(Extracted records)
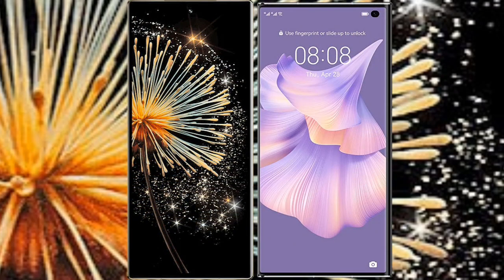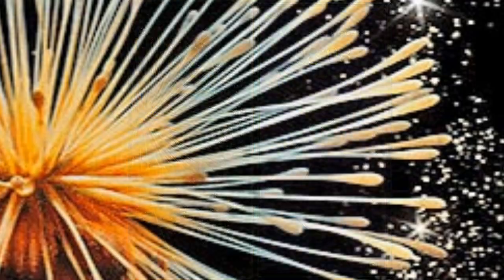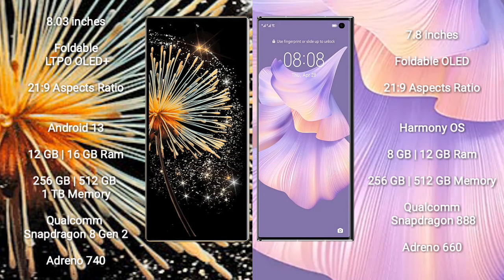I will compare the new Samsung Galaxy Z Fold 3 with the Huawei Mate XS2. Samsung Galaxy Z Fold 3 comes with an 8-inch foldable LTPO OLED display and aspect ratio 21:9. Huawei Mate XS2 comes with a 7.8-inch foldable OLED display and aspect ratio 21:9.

==

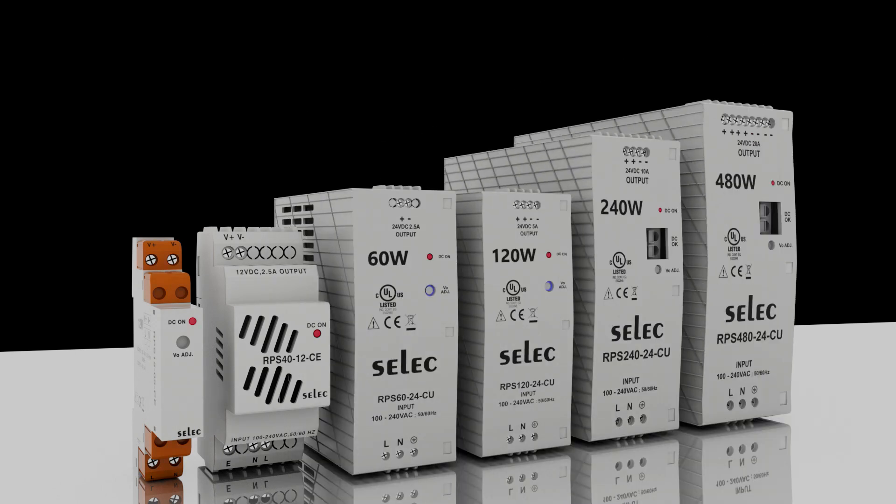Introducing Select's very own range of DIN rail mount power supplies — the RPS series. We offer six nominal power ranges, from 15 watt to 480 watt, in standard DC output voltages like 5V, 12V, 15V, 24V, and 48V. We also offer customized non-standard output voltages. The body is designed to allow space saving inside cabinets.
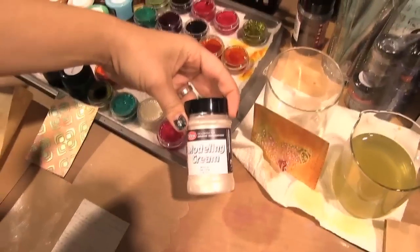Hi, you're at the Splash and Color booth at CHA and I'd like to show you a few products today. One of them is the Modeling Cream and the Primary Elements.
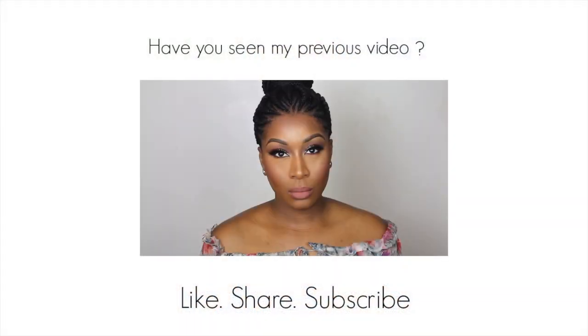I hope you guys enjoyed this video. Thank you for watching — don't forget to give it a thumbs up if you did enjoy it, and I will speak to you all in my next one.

...

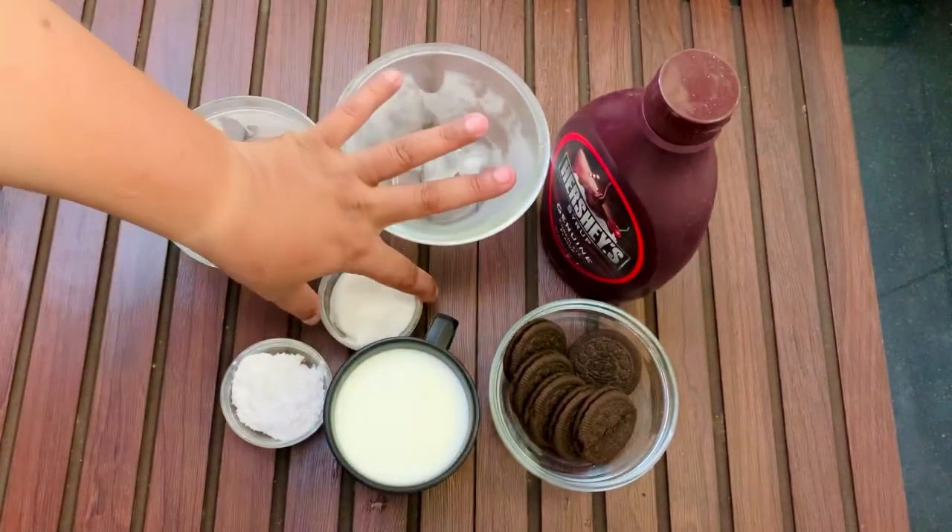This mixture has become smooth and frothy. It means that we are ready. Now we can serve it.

(Your objective)
Your answer should be the lines above, word for word, from the line with "Hi, you're at" through the line with "I hope you guys", minus the pictures.

(Output)
Hi, you're at the Splash and Color booth at CHA and I'd like to show you a few products today. One of them is the Modeling Cream and the Primary Elements.
I hope you guys enjoyed this video. Thank you for watching — don't forget to give it a thumbs up if you did enjoy it, and I will speak to you all in my next one.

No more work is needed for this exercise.